GIVEN RECORDS →
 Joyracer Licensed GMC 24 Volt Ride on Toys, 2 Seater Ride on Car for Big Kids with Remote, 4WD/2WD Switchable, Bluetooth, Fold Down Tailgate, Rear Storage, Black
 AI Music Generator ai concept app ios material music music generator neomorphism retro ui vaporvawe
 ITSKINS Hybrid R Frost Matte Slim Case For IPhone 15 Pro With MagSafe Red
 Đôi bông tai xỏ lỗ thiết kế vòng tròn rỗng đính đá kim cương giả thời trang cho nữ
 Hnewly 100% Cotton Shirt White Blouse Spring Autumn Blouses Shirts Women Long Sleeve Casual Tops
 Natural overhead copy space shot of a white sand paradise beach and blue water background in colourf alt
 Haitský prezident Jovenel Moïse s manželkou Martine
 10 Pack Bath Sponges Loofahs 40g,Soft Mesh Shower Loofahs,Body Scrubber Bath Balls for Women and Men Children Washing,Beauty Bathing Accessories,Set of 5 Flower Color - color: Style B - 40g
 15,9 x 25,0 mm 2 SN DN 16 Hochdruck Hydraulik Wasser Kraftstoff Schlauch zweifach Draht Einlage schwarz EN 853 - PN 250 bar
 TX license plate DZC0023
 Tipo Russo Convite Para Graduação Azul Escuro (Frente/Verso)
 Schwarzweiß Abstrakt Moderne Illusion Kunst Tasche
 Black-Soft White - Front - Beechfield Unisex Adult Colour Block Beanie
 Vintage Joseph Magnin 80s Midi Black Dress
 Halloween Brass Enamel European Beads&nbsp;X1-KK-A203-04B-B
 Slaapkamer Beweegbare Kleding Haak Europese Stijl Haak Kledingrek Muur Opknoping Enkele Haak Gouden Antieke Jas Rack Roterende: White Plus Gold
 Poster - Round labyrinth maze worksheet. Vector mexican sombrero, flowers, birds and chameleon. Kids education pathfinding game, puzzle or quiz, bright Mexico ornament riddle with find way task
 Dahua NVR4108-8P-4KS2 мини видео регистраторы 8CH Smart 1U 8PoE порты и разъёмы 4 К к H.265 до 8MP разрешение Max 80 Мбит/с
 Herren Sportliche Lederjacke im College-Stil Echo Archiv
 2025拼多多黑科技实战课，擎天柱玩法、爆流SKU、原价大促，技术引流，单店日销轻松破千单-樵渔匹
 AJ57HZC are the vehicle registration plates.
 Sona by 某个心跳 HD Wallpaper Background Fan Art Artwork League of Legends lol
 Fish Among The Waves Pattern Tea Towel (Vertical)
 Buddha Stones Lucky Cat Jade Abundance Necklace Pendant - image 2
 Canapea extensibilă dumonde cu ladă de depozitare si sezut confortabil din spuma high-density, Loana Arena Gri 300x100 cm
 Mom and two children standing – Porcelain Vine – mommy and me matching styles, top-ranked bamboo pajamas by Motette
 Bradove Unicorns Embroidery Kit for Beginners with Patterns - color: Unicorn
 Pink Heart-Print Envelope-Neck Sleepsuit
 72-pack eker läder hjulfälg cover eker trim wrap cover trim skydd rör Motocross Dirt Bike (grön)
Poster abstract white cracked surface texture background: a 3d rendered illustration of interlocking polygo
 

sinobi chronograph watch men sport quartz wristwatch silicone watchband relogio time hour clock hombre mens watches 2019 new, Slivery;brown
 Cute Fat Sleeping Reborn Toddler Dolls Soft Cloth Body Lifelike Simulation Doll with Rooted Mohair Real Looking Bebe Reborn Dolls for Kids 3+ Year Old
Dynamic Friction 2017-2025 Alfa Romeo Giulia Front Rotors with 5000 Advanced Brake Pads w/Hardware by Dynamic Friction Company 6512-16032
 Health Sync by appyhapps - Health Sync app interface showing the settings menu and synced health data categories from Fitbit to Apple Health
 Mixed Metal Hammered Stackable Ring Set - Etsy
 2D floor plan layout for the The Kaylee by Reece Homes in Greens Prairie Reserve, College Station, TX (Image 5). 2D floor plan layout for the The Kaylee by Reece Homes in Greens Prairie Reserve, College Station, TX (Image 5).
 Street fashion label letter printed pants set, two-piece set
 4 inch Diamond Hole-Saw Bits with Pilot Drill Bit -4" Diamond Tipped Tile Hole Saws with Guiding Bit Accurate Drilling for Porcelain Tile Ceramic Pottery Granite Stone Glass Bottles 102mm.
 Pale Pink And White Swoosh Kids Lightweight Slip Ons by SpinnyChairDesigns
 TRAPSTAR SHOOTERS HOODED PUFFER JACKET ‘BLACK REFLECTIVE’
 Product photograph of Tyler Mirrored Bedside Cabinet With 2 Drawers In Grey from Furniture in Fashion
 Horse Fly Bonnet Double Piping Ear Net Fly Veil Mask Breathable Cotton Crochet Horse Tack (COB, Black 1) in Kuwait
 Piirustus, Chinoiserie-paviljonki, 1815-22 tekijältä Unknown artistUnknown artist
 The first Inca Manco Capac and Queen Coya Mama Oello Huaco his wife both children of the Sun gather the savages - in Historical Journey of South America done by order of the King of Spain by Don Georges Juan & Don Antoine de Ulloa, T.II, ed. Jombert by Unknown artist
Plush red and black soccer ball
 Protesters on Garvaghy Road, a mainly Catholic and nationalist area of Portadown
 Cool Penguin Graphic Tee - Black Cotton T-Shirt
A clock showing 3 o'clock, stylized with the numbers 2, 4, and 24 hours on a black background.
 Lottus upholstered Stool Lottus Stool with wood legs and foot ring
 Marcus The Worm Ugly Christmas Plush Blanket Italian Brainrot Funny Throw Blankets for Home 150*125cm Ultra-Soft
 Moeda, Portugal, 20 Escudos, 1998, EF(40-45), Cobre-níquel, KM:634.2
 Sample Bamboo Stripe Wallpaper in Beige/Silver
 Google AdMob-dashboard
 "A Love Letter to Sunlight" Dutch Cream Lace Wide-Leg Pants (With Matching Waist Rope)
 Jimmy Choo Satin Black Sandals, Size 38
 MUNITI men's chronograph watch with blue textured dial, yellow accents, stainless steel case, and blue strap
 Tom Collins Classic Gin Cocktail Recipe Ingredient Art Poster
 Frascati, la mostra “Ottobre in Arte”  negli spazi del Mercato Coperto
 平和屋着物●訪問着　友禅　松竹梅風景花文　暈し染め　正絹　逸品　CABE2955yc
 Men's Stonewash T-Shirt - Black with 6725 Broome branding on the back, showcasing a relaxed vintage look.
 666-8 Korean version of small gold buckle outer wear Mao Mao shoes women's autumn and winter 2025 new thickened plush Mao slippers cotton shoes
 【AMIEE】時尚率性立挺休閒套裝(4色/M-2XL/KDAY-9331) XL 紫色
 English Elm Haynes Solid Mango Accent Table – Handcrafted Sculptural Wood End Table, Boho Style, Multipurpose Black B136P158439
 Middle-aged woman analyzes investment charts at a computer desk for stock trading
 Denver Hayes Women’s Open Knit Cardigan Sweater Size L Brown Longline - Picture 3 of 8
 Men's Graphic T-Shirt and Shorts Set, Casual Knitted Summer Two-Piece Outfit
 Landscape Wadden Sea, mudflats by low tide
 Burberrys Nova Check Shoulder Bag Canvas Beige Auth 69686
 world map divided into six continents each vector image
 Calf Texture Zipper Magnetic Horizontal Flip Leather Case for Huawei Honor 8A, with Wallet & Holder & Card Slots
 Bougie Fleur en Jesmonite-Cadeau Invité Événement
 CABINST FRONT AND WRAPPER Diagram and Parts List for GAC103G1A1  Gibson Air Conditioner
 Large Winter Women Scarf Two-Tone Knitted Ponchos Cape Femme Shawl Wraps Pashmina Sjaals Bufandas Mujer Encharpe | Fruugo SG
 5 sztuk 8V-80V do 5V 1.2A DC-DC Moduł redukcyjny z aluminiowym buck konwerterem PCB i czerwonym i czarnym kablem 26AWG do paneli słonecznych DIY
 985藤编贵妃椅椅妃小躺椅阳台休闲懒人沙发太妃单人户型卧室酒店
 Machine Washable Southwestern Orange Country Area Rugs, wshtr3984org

WHAT YOU WILL DO → When you reach the line that contains "Halloween Brass Enamel", stop; that line and every line before it, from the very first line of the data, should be restated word for word.

EXERCISE ANSWER →
 Joyracer Licensed GMC 24 Volt Ride on Toys, 2 Seater Ride on Car for Big Kids with Remote, 4WD/2WD Switchable, Bluetooth, Fold Down Tailgate, Rear Storage, Black
 AI Music Generator ai concept app ios material music music generator neomorphism retro ui vaporvawe
 ITSKINS Hybrid R Frost Matte Slim Case For IPhone 15 Pro With MagSafe Red
 Đôi bông tai xỏ lỗ thiết kế vòng tròn rỗng đính đá kim cương giả thời trang cho nữ
 Hnewly 100% Cotton Shirt White Blouse Spring Autumn Blouses Shirts Women Long Sleeve Casual Tops
 Natural overhead copy space shot of a white sand paradise beach and blue water background in colourf alt
 Haitský prezident Jovenel Moïse s manželkou Martine
 10 Pack Bath Sponges Loofahs 40g,Soft Mesh Shower Loofahs,Body Scrubber Bath Balls for Women and Men Children Washing,Beauty Bathing Accessories,Set of 5 Flower Color - color: Style B - 40g
 15,9 x 25,0 mm 2 SN DN 16 Hochdruck Hydraulik Wasser Kraftstoff Schlauch zweifach Draht Einlage schwarz EN 853 - PN 250 bar
 TX license plate DZC0023
 Tipo Russo Convite Para Graduação Azul Escuro (Frente/Verso)
 Schwarzweiß Abstrakt Moderne Illusion Kunst Tasche
 Black-Soft White - Front - Beechfield Unisex Adult Colour Block Beanie
 Vintage Joseph Magnin 80s Midi Black Dress
 Halloween Brass Enamel European Beads&nbsp;X1-KK-A203-04B-B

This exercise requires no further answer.